▸ Exercise: Output the entries that follow character for character. Leave every image out.

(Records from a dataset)

--

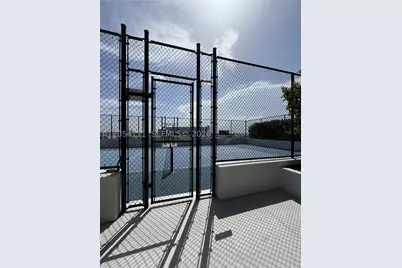 2411 Laguna #910, Miami, FL 33181 - Photo 36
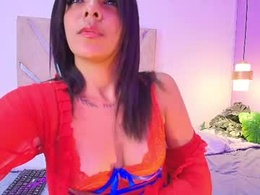 Screen Grab from luna_harper18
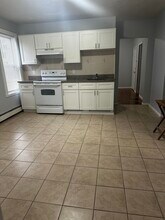 Building Photo - 44 Trescott St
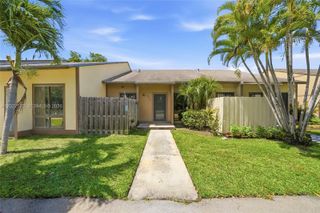 455 NE 210th Ter, Miami, FL 33179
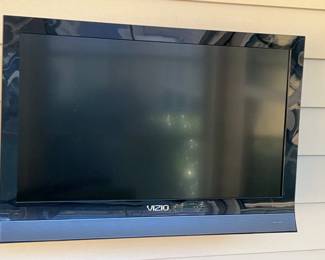 Vizio Model No. M260VA 26inch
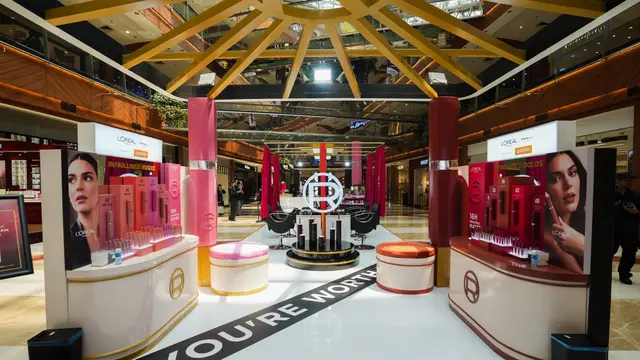 Infaillible Lip Salon hadir di Grand Atrium PIM 2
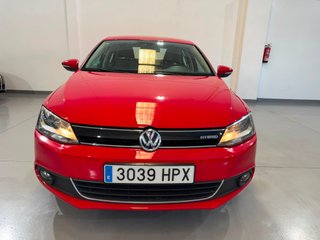 VOLKSWAGEN Jetta 1.4 TSI DSG Hybrid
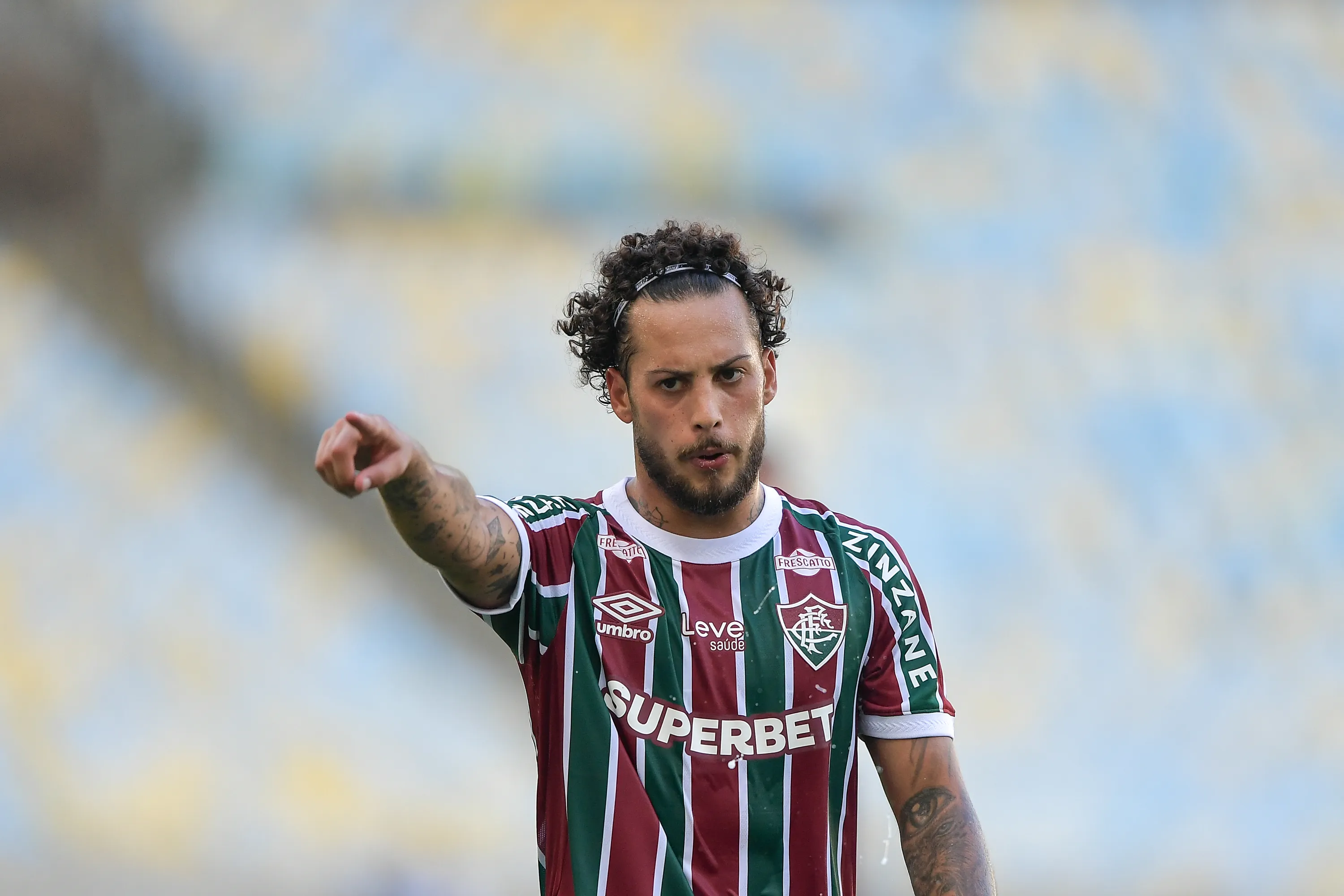 RJ – RIO DE JANEIRO – 16/02/2025 – CARIOCA 2025, FLUMINENSE X NOVA IGUACU – Guga jogador do Fluminense durante partida contra o Nova Iguacu no estadio Maracana pelo campeonato Carioca 2025. Foto: Thiago Ribeiro/AGIF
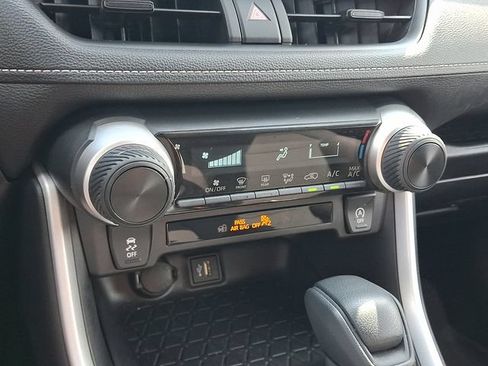 Certified 2025 Toyota RAV4 LE AWD/4WD image 15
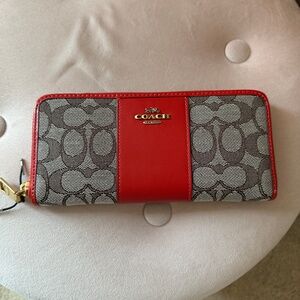 Coach Signature Jacquard Slim Accordion Zip Wallet - Colorblock Signature Canvas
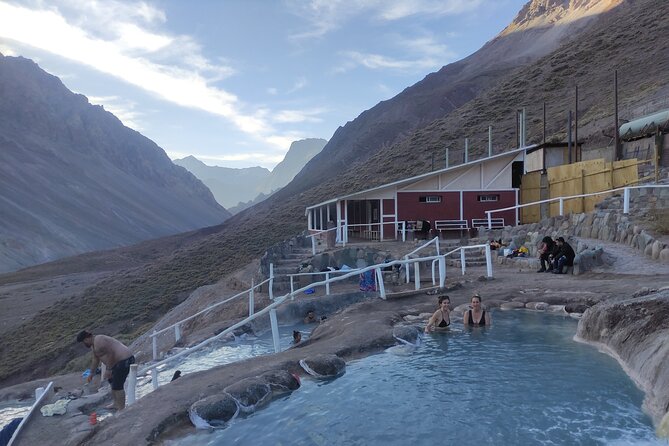 Full Day Hot Springs and Picnic Cajon Del Maipo From Valparaiso - Itinerary Overview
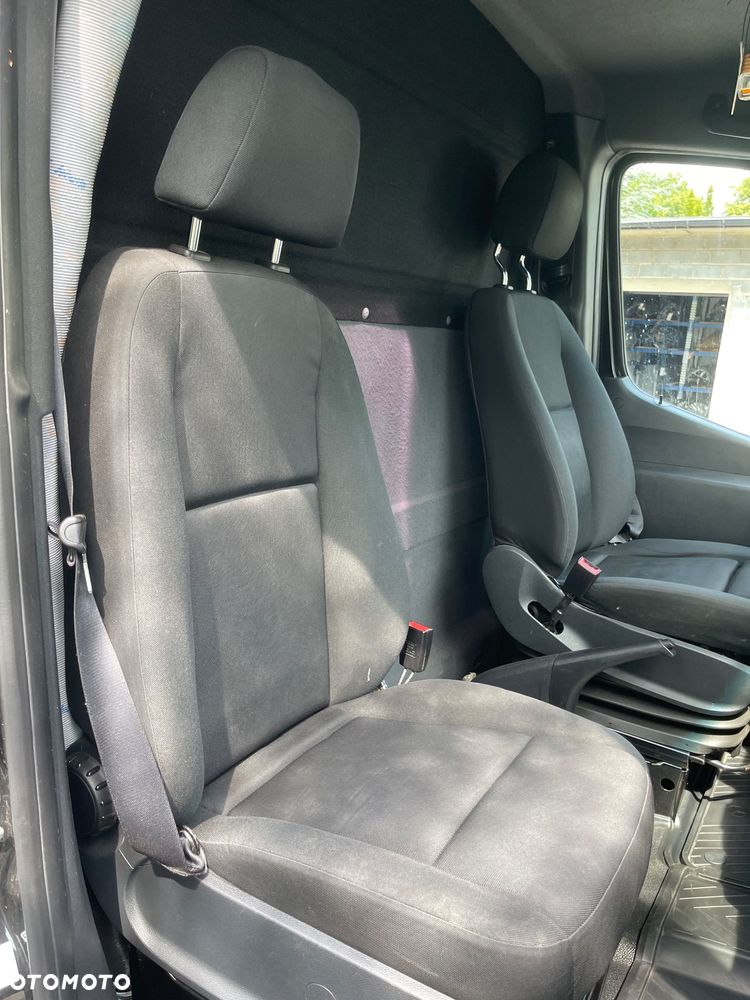 Mercedes-Benz Sprinter - 18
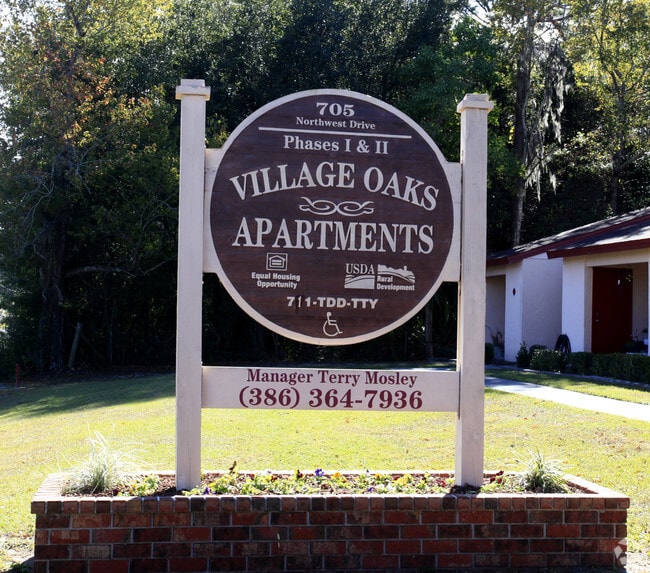 Building Photo - Village Oaks Apartments II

--

▸ Task result:
 2411 Laguna #910, Miami, FL 33181 - Photo 36
 Screen Grab from luna_harper18
 Building Photo - 44 Trescott St
 455 NE 210th Ter, Miami, FL 33179
 Vizio Model No. M260VA 26inch
 Infaillible Lip Salon hadir di Grand Atrium PIM 2
 VOLKSWAGEN Jetta 1.4 TSI DSG Hybrid
 RJ – RIO DE JANEIRO – 16/02/2025 – CARIOCA 2025, FLUMINENSE X NOVA IGUACU – Guga jogador do Fluminense durante partida contra o Nova Iguacu no estadio Maracana pelo campeonato Carioca 2025. Foto: Thiago Ribeiro/AGIF
 Certified 2025 Toyota RAV4 LE AWD/4WD image 15
 Coach Signature Jacquard Slim Accordion Zip Wallet - Colorblock Signature Canvas
 Full Day Hot Springs and Picnic Cajon Del Maipo From Valparaiso - Itinerary Overview
 Mercedes-Benz Sprinter - 18
 Building Photo - Village Oaks Apartments II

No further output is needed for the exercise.